STAY has focused much of its effort so far on Stewart Alternative Elementary, a German Village school that initially accepted students only through the Columbus City Schools lottery. In 2013, STAY petitioned and eventually won approval from the Columbus Education Commission to make Stewart a partial neighborhood school, albeit with smaller boundaries than STAY had hoped for. (Stewart's new borders fall within German Village proper, and many of the STAY families live in Merion Village and Schumacher Place.) Flower and others have been promoting the school by giving tours to prospective families, and the group plans to assign a reading level to every book in the library so teachers can easily find the right books for each student.

At Nettelhorst in Chicago, many of the changes were outward. Common wisdom says if you change the culture of a school, the climate will change. But Edelberg and her partners were betting if they changed the climate, the culture would follow. Doors were painted, and local artists were recruited to create murals in the hallways. Last year Clintonville Go Public took a page from this playbook and raised more than $18,000 by hosting a prom for grownups; that money was used to revamp the lobby of Dominion Middle School with new furniture and a mural. "It's a simple thing, but it makes such a difference!" Dahlberg says. "Before, you walked in and didn't know where you were going. Now it's very clear that this is the waiting area. There's a couch and chairs and a rug."

This fall Go Public hosted a Masquerade Ball; proceeds will go toward technology upgrades at Whetstone and Dominion, which doesn't have Wi-Fi access throughout the building. The group is also working with Dominion principal Dottie Flanagan to write grants for an after-school program.

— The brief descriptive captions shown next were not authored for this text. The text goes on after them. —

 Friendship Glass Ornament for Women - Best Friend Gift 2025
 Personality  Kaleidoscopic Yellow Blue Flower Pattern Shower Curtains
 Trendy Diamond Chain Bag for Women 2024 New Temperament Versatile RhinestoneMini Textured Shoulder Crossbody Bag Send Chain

In the neighborhood-school model, buy-in from the community-including local businesses and adults with no children or grown children-is important. But buy-in from the school principal is just as crucial. STAY has been working closely with Stewart principal Ebone Johnson. "She was excited about our desires and wanted us to be involved," Flower says. "Having a principal who was wanting the partnership and excited about it was huge." And Johnson says partnering with STAY has been every school's dream. "What they're trying to do will affect every child in our building," Johnson says. "Their approach is working. On any given day, we have between three and five parents or other members of the German Village community in our building."

Go Public similarly touts its partnerships with principals Janet Routzong at Whetstone and Flanagan at Dominion, along with the elementary school principals; in interviews, these school leaders echoed Go Public's enthusiasm and resolve.

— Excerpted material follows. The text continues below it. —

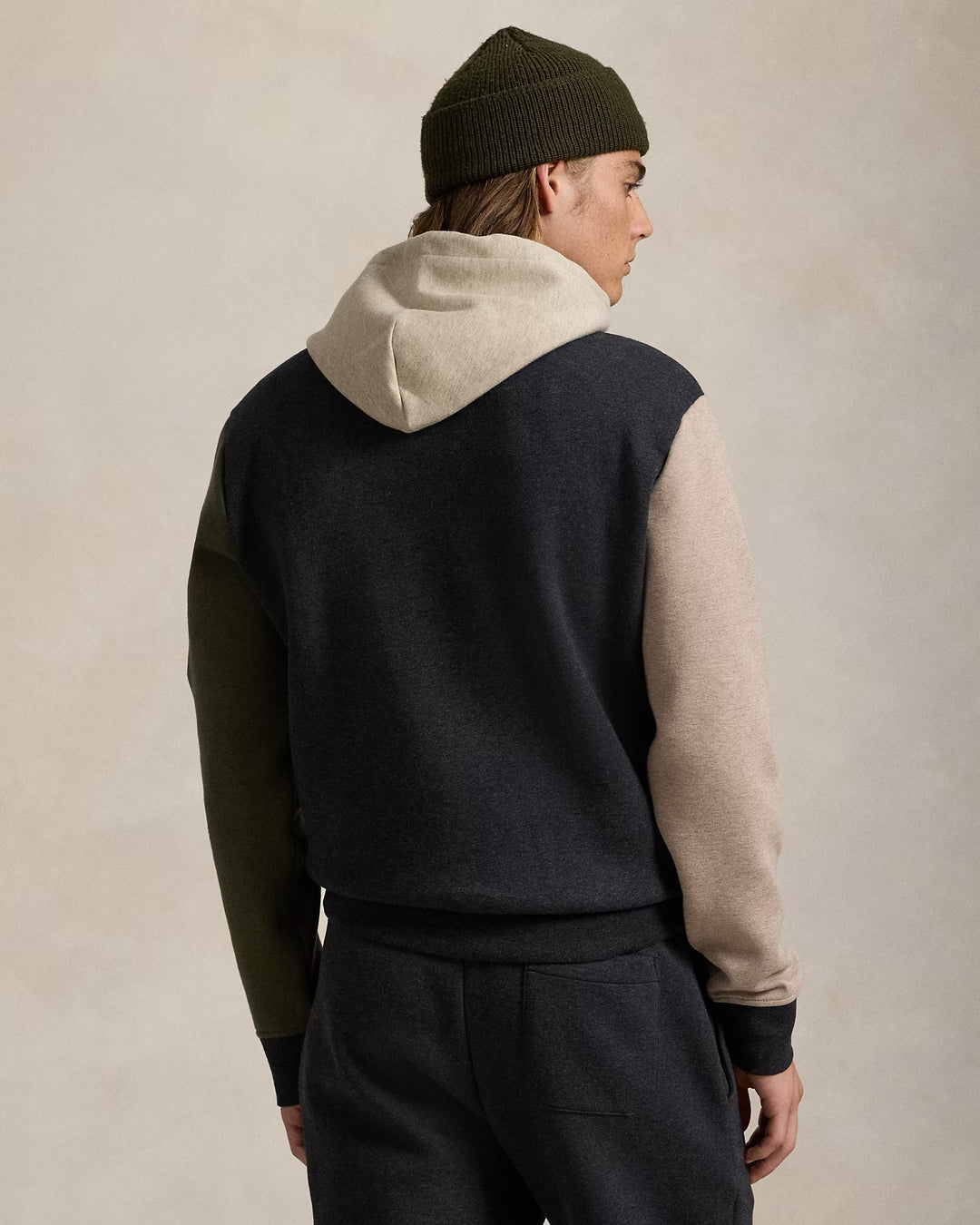 Ralph Lauren Logo Color-Blocked Double-Knit Hoodie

Other similar-minded parent groups such as TEAM Berwick, Northwest STARS and Short North Parents have recently formed in other areas of the district. But all these groups face giant challenges, not the least of which is the damaged reputation of Columbus City Schools. Try as it may, the district is struggling to distance itself from the data-manipulation scandal that was brought to light by a Columbus Dispatch investigation. An 18-month investigation of the district by state auditor Dave Yost, completed in December 2013, confirmed what the reporters had found: The practice of falsifying records to improve students' test scores (and thereby the school's standing on the annual state report card) was widespread. In November 2013, nearly 70 percent of Columbus voters rejected a Columbus City Schools levy-its first defeat in 23 years-signaling that the district had not yet earned back the trust of the city.

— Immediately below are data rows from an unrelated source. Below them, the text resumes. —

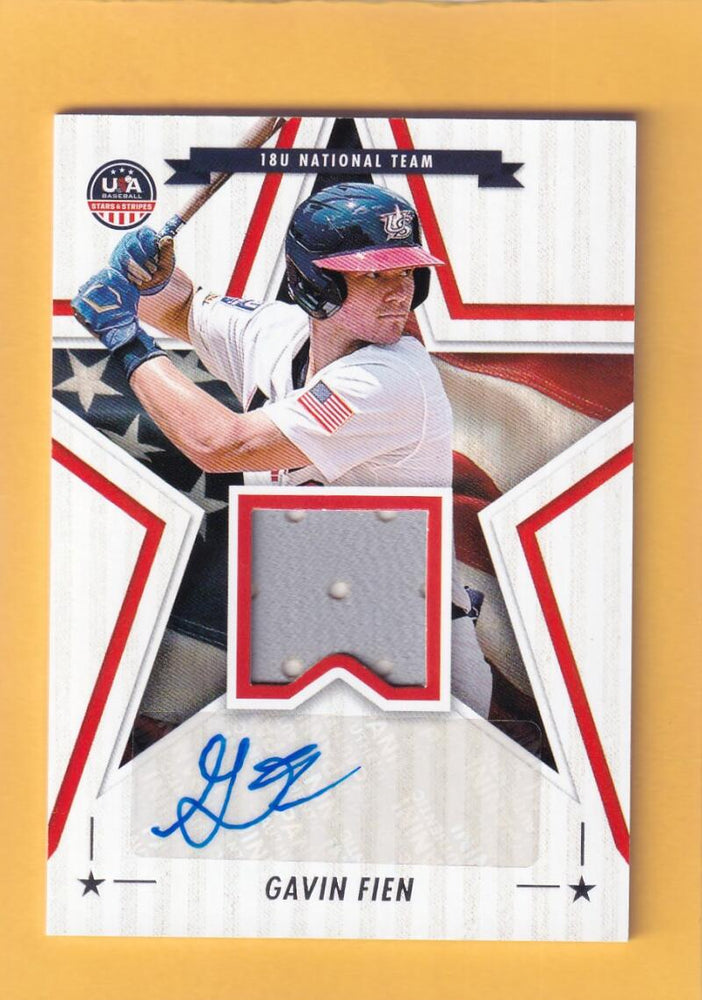2025 Panini Stars and Stripes 18U National Team Signatures Materials PE #20 Gavin Fien NM-MT+ MEM Auto USA Baseball 18U National Team Image 1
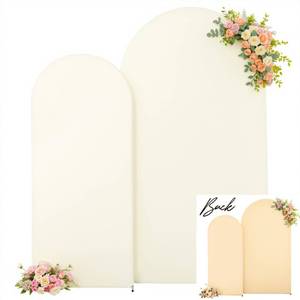 lot 12141 image: Ivory and Champagne Arch Backdrop Cover 7.2FT 6FT Wedding Arch Covers Set of 2 Arches Covers Stretchy Backdrop Spandex Fitted Double-Color Fabric Backdrops for Party Baby Shower Birthday Decoration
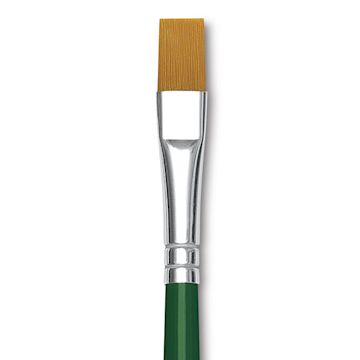 Open in modal - Blick Economy Golden Taklon Brush - Bright, Long Handle, Size 12 close up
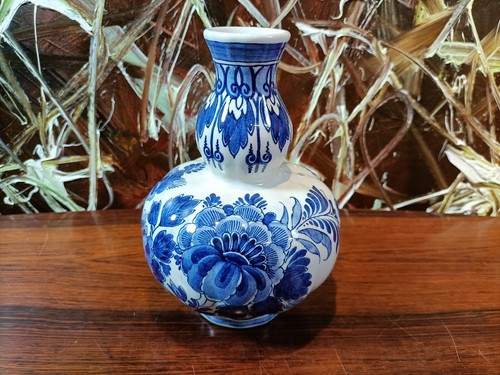 RAAM Delfts Blau Holland, schöne Flaschenförmige Vase 18,5cm mit Blumendekor - Picture 4 of 6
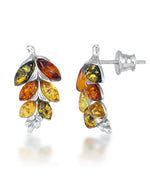 Load image into Gallery viewer, Sterling Silver_Amber Rosa™ Genuine Multicolor Amber Leaf Earrings_I_Heart_1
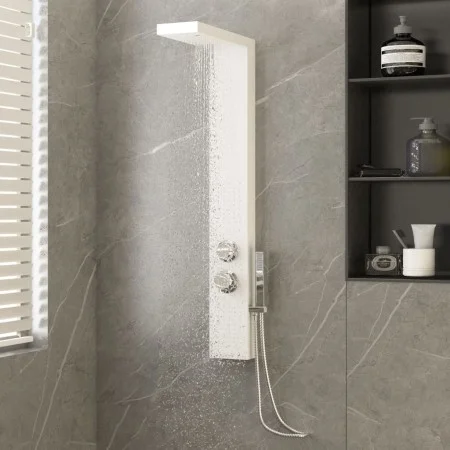 Duschpaneelsystem aus weißem Aluminium von vidaXL, Strahldüsen für Badewannen und Duschen - Ref: Foro24-151415, Preis: 133,11...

And it's not over. Just this summer, state investigators subpoenaed the records of eight current or former employees of Whetstone. Routzong was not principal at Whetstone during the 2010-11 school year, but she's still dealing with repercussions of the scandal. "My goal that first year-and it still is my goal-was to establish and rebuild the faith in leadership of Whetstone High School and Columbus City Schools," Routzong says.

The lengths to which former district employees went to ensure good grades on the Ohio Department of Education's annual report card underscores just how much weight everyone-the state, local schools, prospective and current parents-places on those ratings, which the state tweaked last year to mirror an old-fashioned grade card with marks of A through F in different areas. For instance, in the achievement category, Dominion received a C (79.5 percent) for its "performance index" but got an F (42.9 percent) for "indicators met" in 2013-14.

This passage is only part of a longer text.